Fermeture de la Belgo : les souvenirs 15 ans plus tard
SHAWINIGAN. Les retraités Michel Richard, Jacques Pintal, et Jean-Pierre Lessard se souviennent très bien de la date du 18 février 2008, alors que 560 travailleurs de l’usine Belgo effectuaient leur dernier quart de travail. Lors de cette journée, aucune pulpe ou papier n’ont été produits, certains avaient un balai à la main tandis que d’autres enlaçaient leurs compagnons de travail pour une dernière fois.
Même s’il se trouvait déjà à la retraite, Jean-Pierre Lessard décrit cette fermeture comme étant un choc encore aujourd’hui. « J’avais pris ma retraite, mais c’était un gros choc, avoue celui qui est aujourd’hui le président des anciens employés de la Belgo. J’ai eu beaucoup de collègues qui avaient de la misère à se trouver une autre job. Il y en a qui ont dû s’en aller à l’extérieur de Shawinigan pour travailler. Ce n’est pas drôle quand tu as une famille et que tu es obligé de partir. C’est toute la ville de Shawinigan qui a encaissé le coup. »
De son côté, Jacques Pintal travaillait à l’usine lors de ce jeudi noir. « J’étais là jusqu’à la dernière journée! J’ai fini de travailler quand ils ont mis la clé dans la porte après 37 ans de service. Ça nous a rentré dedans quand ils ont annoncé la fermeture en novembre. Ils nous faisaient faire du ménage parce que tout était fini et qu’il n’y avait plus de production. C’était ordinaire de finir la carrière en faisant du ménage! Moi c’était pas pire, parce que je devais prendre ma retraite en août de la même année. Mais il y avait des compagnons de travail qui ont reçu un montant à la fin, mais ils n’avaient plus de fonds de pension. »
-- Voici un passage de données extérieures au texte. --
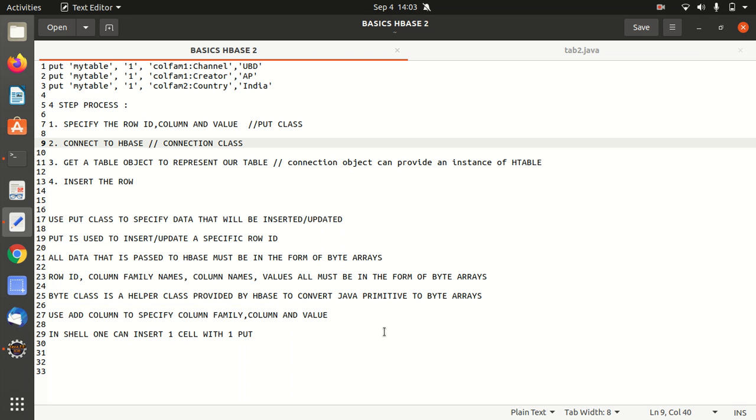Hello everyone, this is Amrit Pal Singh. Welcome to the next video. In my previous video, I discussed how we can create a table using Java API. So in this video, I'm going to discuss how we can insert data to the same table.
Pour Michel Richard, les plus beaux souvenirs quand il repense à la Belgo étaient ceux avec ses collègues de travail. « On était une belle gang! On avait plusieurs activités à l’extérieur de l’usine. Il y avait même des activités entre les conjointes. Des travailleurs dans une usine, ça va toujours rester une grande famille. En dernier, on était 550-560, mais il y a déjà eu 1200 travailleurs avant la modernisation. Les grands perdants ont été les employés et la ville. Disons que le grand perdant ce n’était pas l’employeur. »
Et 15 ans plus tard, comment réagissent-ils en voyant les décombres de la Belgo toujours visibles? « C’est inconcevable de voir ça en cet état. Il y en a qui dorment sur la switch. Il y en a qui se battent depuis longtemps. C’est facile de critiquer négativement, mais il faut être aussi constructif dans une critique. Chapeau à ceux qui se battent pour restaurer ce terrain », exprime M. Richard.
Et des idées pour la nouvelle vocation du terrain?
« Je verrais des blocs appartements avec un parc. Le site est tellement beau qu’il y a de quoi à faire là. Ça prendrait quelque chose qui pourrait nous rapporter quelque chose pour la ville, ça prend de l’argent qui rentre aussi. On vit avec des PME, il ne faut plus penser qu’on va avoir des grosses usines », opine M. Pintal.
Jean-Pierre Lessard abonde dans le même sens que son ancien collègue. « Je vois des blocs appartements pour les aînés. Un emplacement pour les aînés avec la rivière qui passe. Il en existe, mais je pense que ça en prend encore une ou deux résidences à Shawinigan. C’est payant pour la ville un genre de bloc comme ça. »
De son côté, M. Richard y est allé d’une petite touche d’humour en lien avec ce qu’il reste de la Belgo. « Il faudrait peut-être conserver un endroit pour ceux qui veulent faire des graffitis parce qu’il y en a beaucoup! »
Les trois hommes seront dans le documentaire sur le fondateur de la Belgo qui sera présenté gratuitement au Centre des arts (voir autre texte). « Réjean Loranger a aussi participé au film avec nous. Il est décédé en juin dernier », ajoute Raynald Bordeleau qui participé au montage et au documentaire.